Americans view public schools in the same way they view members of Congress - they tend to love theirs and hate everyone else's
Pete Bylsma, a lifelong educator who’s worked with organizations such as the Gates Foundation and the Superintendent for the State of Washington to define what makes a “good” public school says this of the difficulty of providing a quality education: “Education isn’t rocket science - it’s actually a lot harder.” - the root of his statement coming from the fact that the laws of physics governing rocket science never change, whereas every school and classroom is different.
In a report he co-authored in 2007, Nine Characteristics of High Performing Schools , Bylsma and his colleague studied 25 schools in Washington State that were outperforming their peers to find out what, exactly, a good public school looks like.
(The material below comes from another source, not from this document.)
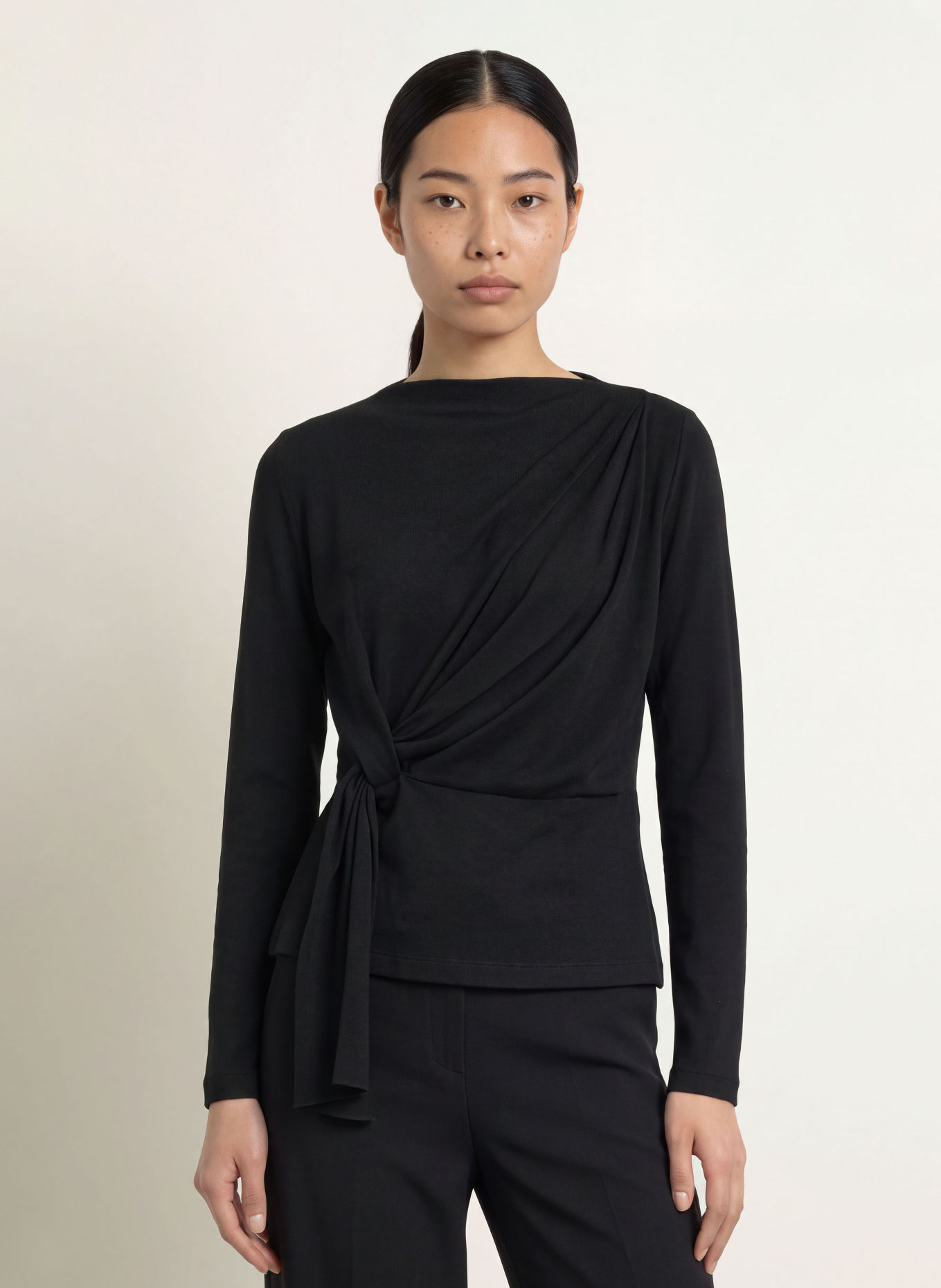 MORE & MORE Sweater: BLACK
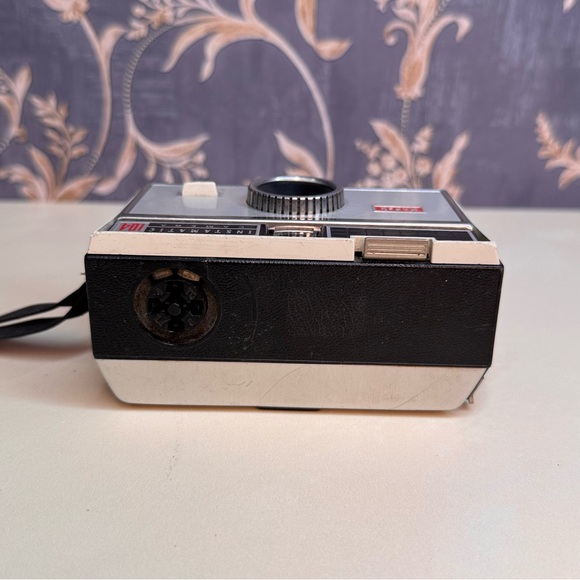 Vintage Estate 1960's Kodak Instamatic 104 Camera with Wrist Strap UNTESTED - Picture 6 of 13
While the study picked from a wide variety of communities - urban, rural, high income, and low income - their similarities provide a template all schools can use to improve the quality of education nationwide, and a guide as to where districts should allocate funding.
You can find my full interview with Bylsma in the latest episode of You Don’t Have to Yell, via the recording below, on Apple Podcasts, or Spotify).
The characteristics Bylsma defined can be broken down into three buckets:
- High level objectives - Having a clear and shared focus, high standards and expectations.
- Processes - Collaboration and communication, alignment with state standards, and monitoring of learning and teaching.
- Supports - Focused professional development, a supportive learning environment, and family and community involvement.
The most surprising thing about this report is what should be the least surprising thing - that the people in the building in charge of educating the students and the level of collaboration between the school and those outside - the families and the community they live in - make the biggest contribution to student success.
Getting back to Bylsma’s comparison with rocket science, each school is different and each class within each school is different, so students do best when the bar is set high and the people instructing them are given the professional development and support they need to teach to where they are.
One of the ways in which teaching is harder than rocket science is that rocket scientists don’t have a peanut gallery of voters, politicians, and (sometimes dubious) outside interests chiming in on how they should do their job. Many of the reforms commonly called for in education - such as technology and smaller class sizes - have a minimal effect on the quality of education, and yet have an outsized presence in the conversation around improving the system.
What Bylsma’s report boils down to is this - students do better when given access to better quality teaching, and teachers do better when the focus is on helping them get better at their jobs rather than telling them how to do it. This part isn’t rocket science, it’s actually a lot easier.